Aufgabe der nächsten Bundesregierung müsse auch ein Ausbau der Kita-Plätze sein sowie die Einführung einer Kindergrundsicherung und die Aufstockung der Hartz-IV-Regelsätze. Aber wie solle man das alles finanzieren, fragt eine Frau, die durch einen Arbeitsunfall zur Frührentnerin wurde.
"Wir müssen, wenn wir Menschen mit einem kleinen, geringen Einkommen entlasten wollen, für Spitzenverdiener höhere Steuer erheben", antwortet Baerbock. Sie will den Spitzensteuersatz anheben und die Vermögenssteuer wieder einführen. Die Frührentnerin wirkt davon nicht überzeugt: "Ich denke, dann wird eine Abwanderung stattfinden, die Reichen werden sich irgendwas anderes suchen."
Doch es könne kein "Weiter so" geben, betont die Kanzlerkandidatin der Grünen. So auch nicht in der Pflege: "Wir müssen Löhne so bezahlen, dass man eine Familie davon ernähren kann", sagt Baerbock. Außerdem brauche es bessere Arbeitsbedingungen vor Ort, es müssten mehr Fachkräfte eingestellt werden.
Der anwesende Pflegeheimleiter merkt an, dass er zum Thema stationäre Pflege lediglich einen Satz im Wahlprogramm der Grünen gefunden hätte. Es dürfe nicht nur bei Lippenbekenntnissen bleiben, fordert er.
Baerbock zeigt sich selbstkritisch
Zum Schluss kommt die grüne Kanzlerkandidatin nicht darum herum, sich noch einmal zu ihren persönlichen Verfehlungen zu äußern.

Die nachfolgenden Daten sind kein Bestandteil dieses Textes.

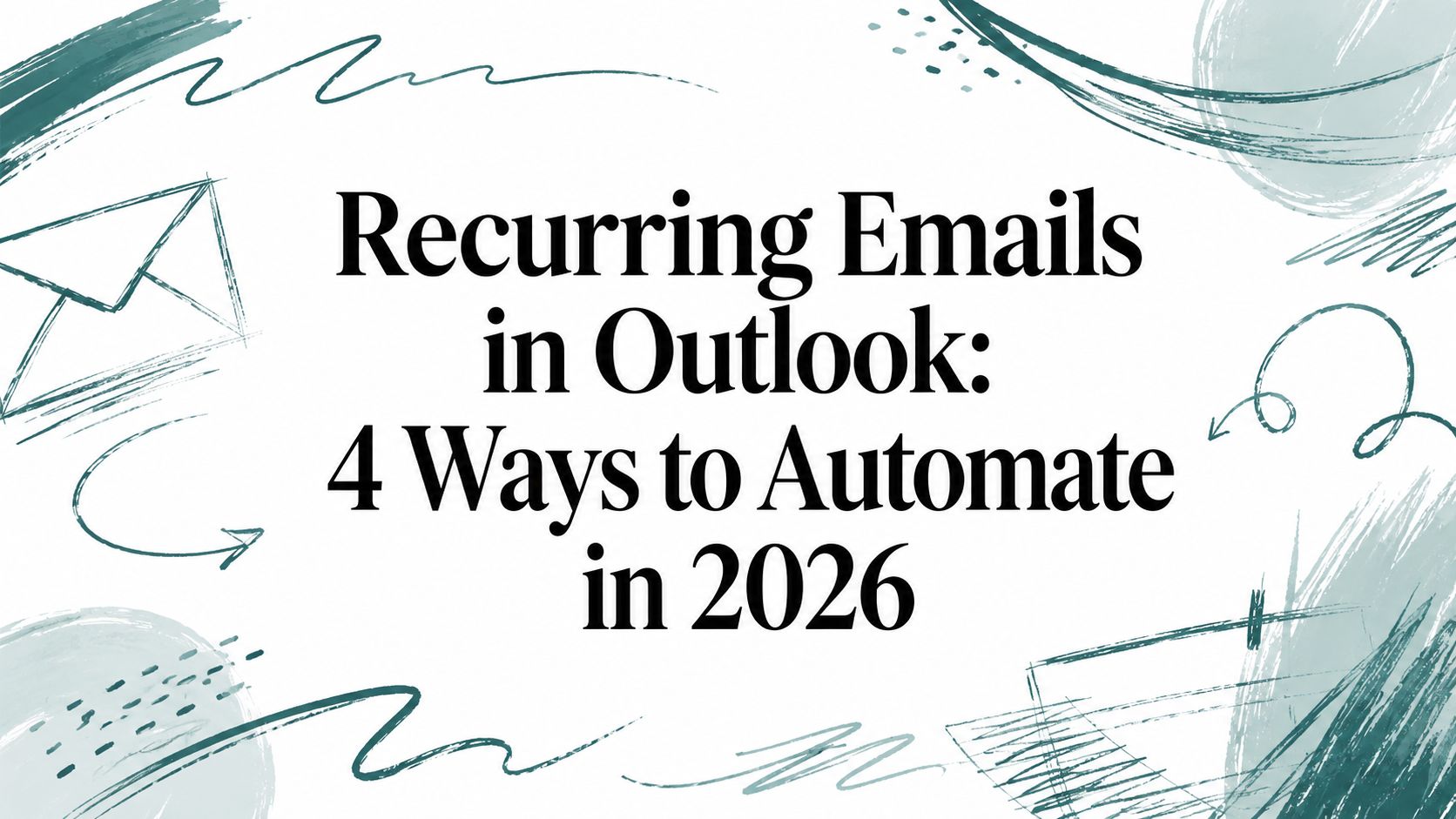Recurring Emails in Outlook: 4 Ways to Automate in 2026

Peter Klöppel konfrontiert sie anhand einer Grafik mit ihren abgesackten Zustimmungswerten: Nur noch 15 Prozent würden der Grünen-Politikerin bei einer Direktwahl der Kanzlerin oder des Kanzlers ihre Stimme geben, nach Baerbocks Nominierung im April waren es mehr als doppelt so viel gewesen.

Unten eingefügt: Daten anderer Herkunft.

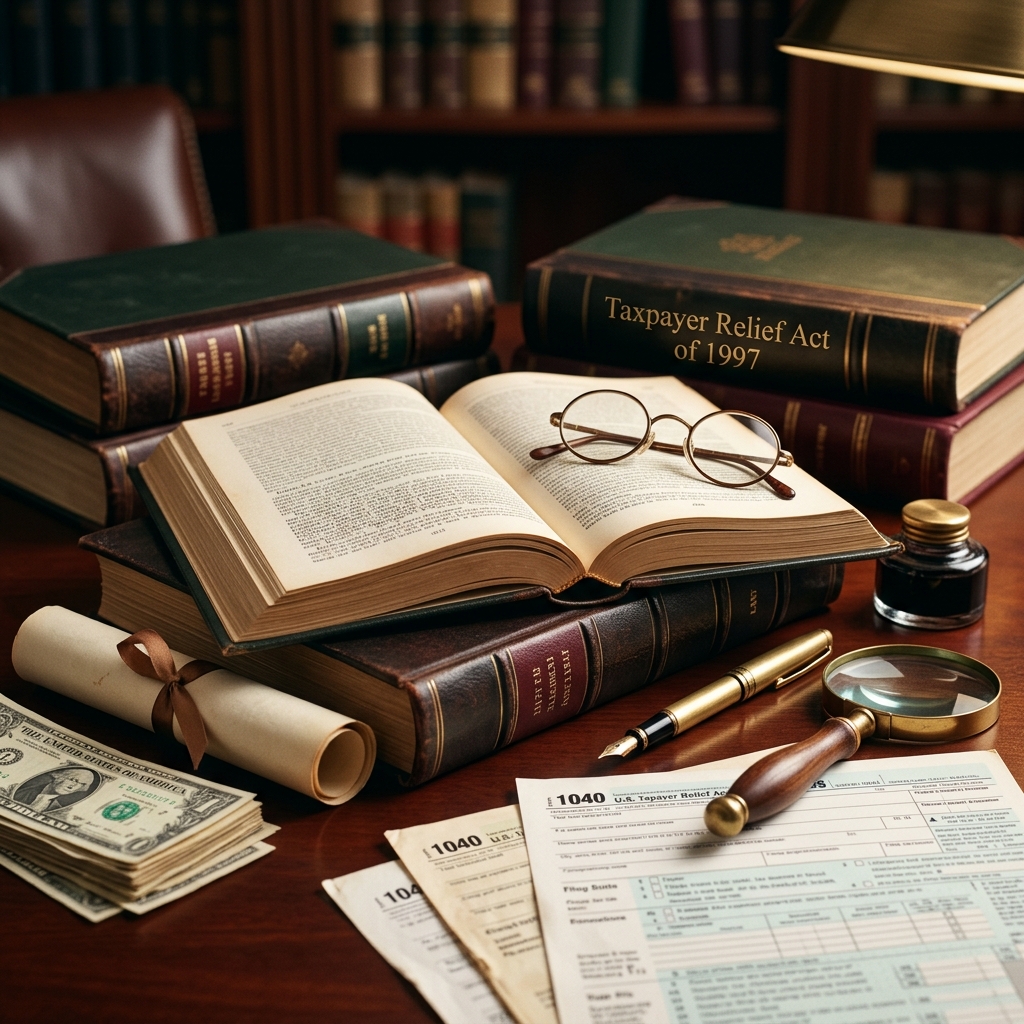 A clear guide to the 1997 tax law that reshaped credits, capital gains, and retirement savings.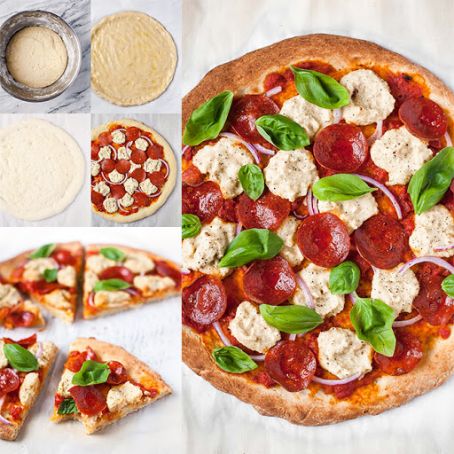 Authentic Paleo Pizza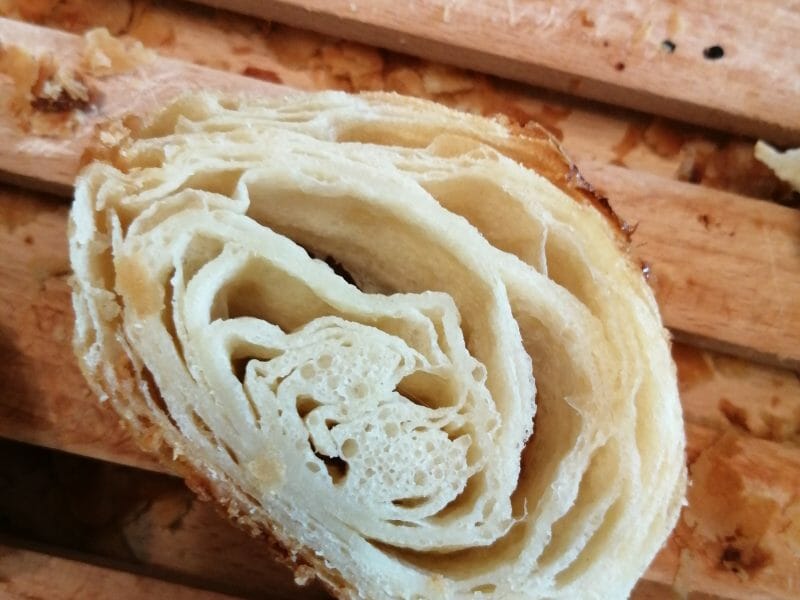 Cliquez pour zoomer ! Pain feuilleté Thermomix par k76400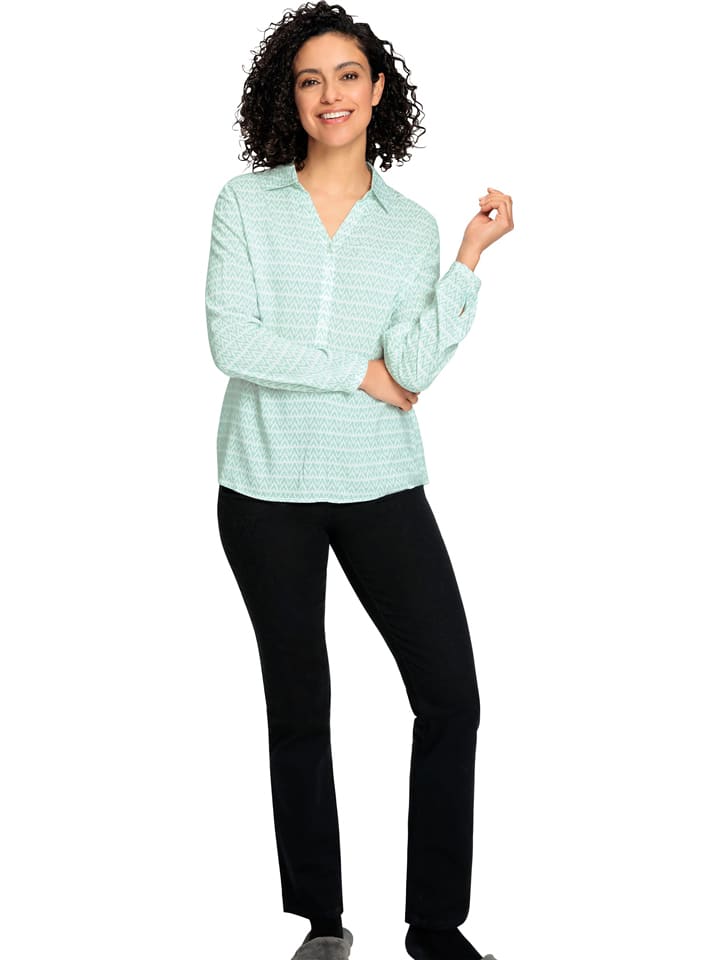 WITT WEIDEN Bluzka w kolorze zielonym rozmiar: 54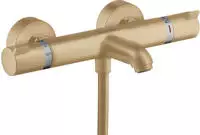 Hansgrohe Ecostat Comfort - Thermostat-Wannenarmatur, Bronze geb&uuml;rstet 13114140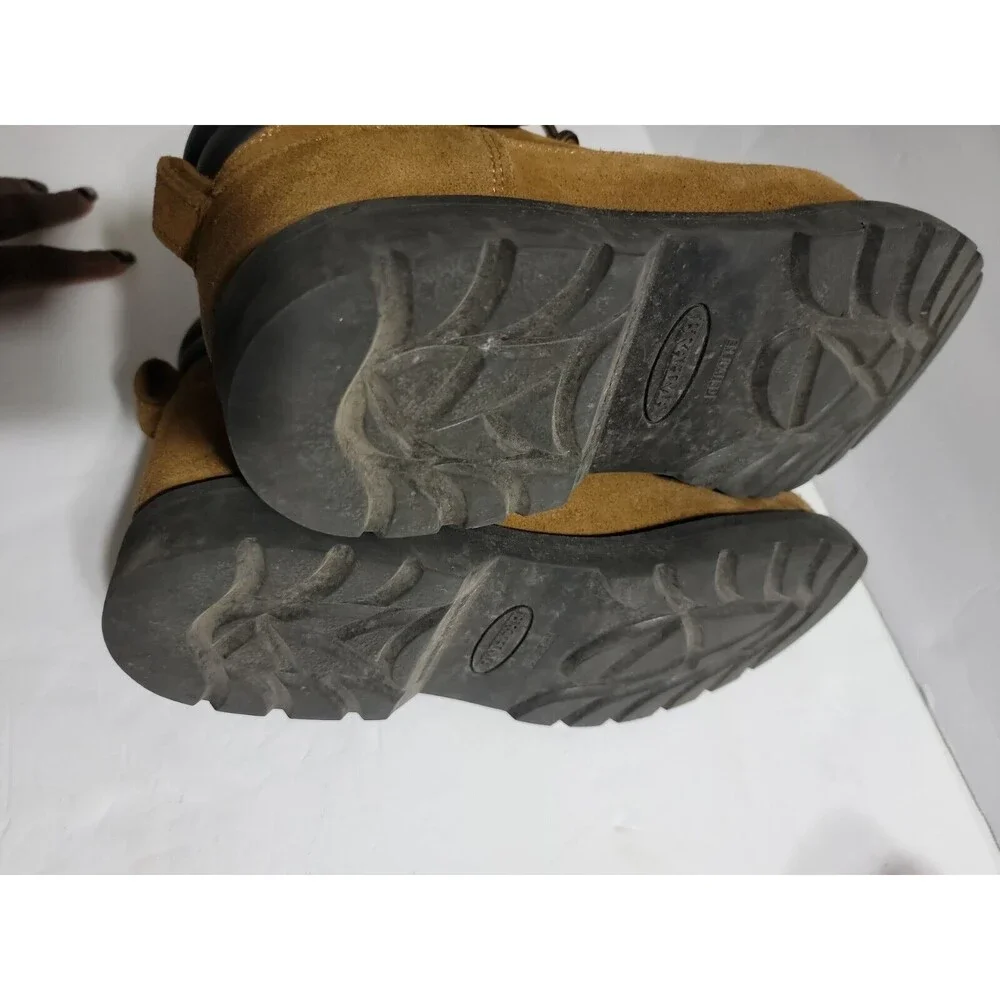 BRAHMA Men's Steel Toe Waterproof Leather Work Boots ASTM F2413-11 SIZE 11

"Natürlich lässt mich das nicht kalt", gibt Baerbock zu. Die eigenen Fehler würden sie ärgern, aber sie reflektiere auch, was sie in Zukunft besser machen könne. An dieser Stelle übt sie aufrichtig Selbstkritik und fragt, ob sie tatsächlich ein Buch hätte schreiben müssen. Im Gegensatz zu anderen Formate nimmt die Diskussion um sinkende Umfragewerte und persönliche Fehler insgesamt nur wenig Platz ein, rund zehn Minuten einer über einstündigen Sendung.

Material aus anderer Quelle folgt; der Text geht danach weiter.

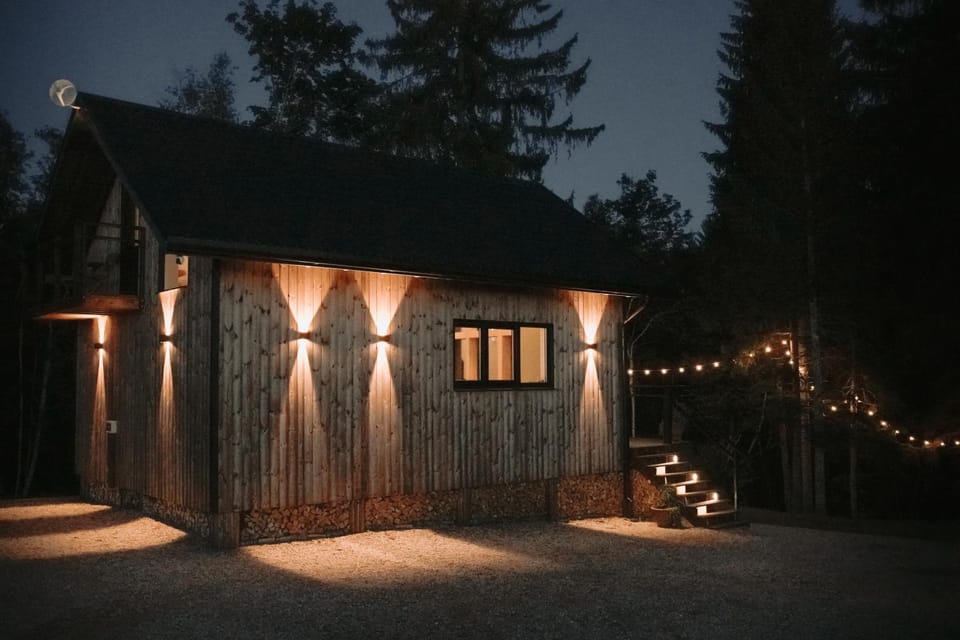 Property building, Night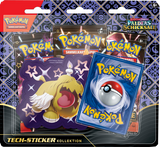 Pokemon Karmesin & Purpur – Paldeas Schicksale: Tech Sticker Kollektion (Deutsch)
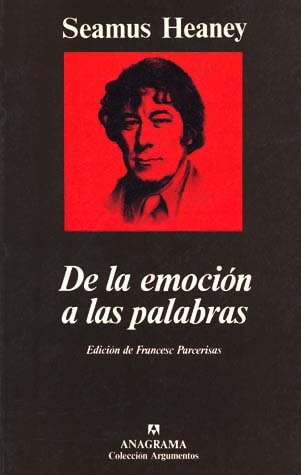 De la emoción a las palabras book cover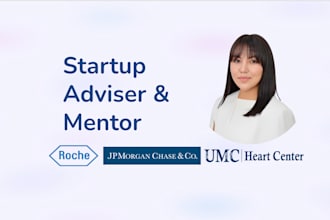 advise your business on strategy, product, and growth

Im Gespräch mit den Bürgerinnen und Bürgern wirkte Baerbock deutlich lockerer als noch im ARD-Sommerinterview vor wenigen Tagen. Mit einem übermäßig positiven Gefühl wird sie aber wohl auch aus dieser Sendung nicht gegangen sein. Als Klöppel die sechs Gesprächsteilnehmenden zum Abschluss fragt, wen Baerbock zumindest zum Teil überzeugen konnte hebt nur die Hälfte zaghaft die Hand.